Aber Professor Ellwangen hörte schon nicht mehr hin. Er stand an der Sprechanlage, forderte den Kinderchirurgen an, setzte sich mit dem Labor in Verbindung, befahl der technischen Assistentin, die Blutgruppe des Kindes festzustellen, die passende Blutkonserve bereitzuhalten und gleich die Kreuzprobe vorzunehmen. Endlich ordnete er an, den Operationssaal vorzubereiten, und rief den Anästhesisten herbei.
Er hatte kaum seine Anordnungen getroffen, als die Tür aufgerissen wurde und Dr. Gert Curtius in den Röntgenraum stürmte, ein schlanker, hochgewachsener Mann mit einem Gesicht, das zu ausdrucksvoll war, als daß man es hätte schön nennen können. Die Nase war zu groß, die Stirn zu breit, aber er wirkte sehr männlich. Die grauen, klugen Augen, die von winzigen Lachfältchen umgeben waren, machten Dr. Curtius ausgesprochen sympathisch. Durch das Weiß seines Kittels kam die gesunde Bräune seiner Haut besonders zur Geltung. Katja wagte nicht, ihn anzusehen. Sie wandte das Gesicht rasch wieder dem Röntgenbild auf der Leuchtplatte zu. Immer wenn sie mit Curtius zusammentraf, hatte sie das unangenehme Gefühl, daß jeder, aber auch jeder ihr anmerken müßte, wie es um sie stand. Auch diesmal fühlte sie sich geradezu nackt unter den Augen des Röntgenologen, dessen Blick sie in Wahrheit nur ganz zufällig streifte.

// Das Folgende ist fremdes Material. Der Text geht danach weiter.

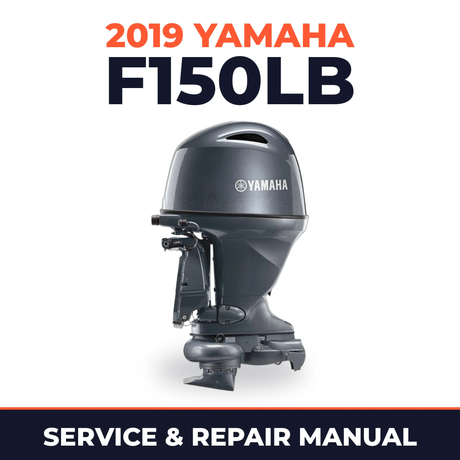 2019 Yamaha F150LB Service and Repair Manual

»Herr Professor . . .«, sagte Dr. Curtius.
»Gut, daß Sie schon da sind, Herr Kollege!« Professor Ellwangen war jetzt ganz in Aktion. »Schauen Sie sich das mal an: Ein neunjähriger Junge ist beim Spielen von einem Stapel Bretter gefallen, wahrscheinlich bäuchlings auf einen Baumstamm . . . aber ich möchte Ihrem Urteil nicht vorgreifen!«
Dr. Gert Curtius trat hinter Katja. Sie spürte die Wärme, die von ihm ausging, den Geruch nach Männlichkeit wie eine körperliche Berührung.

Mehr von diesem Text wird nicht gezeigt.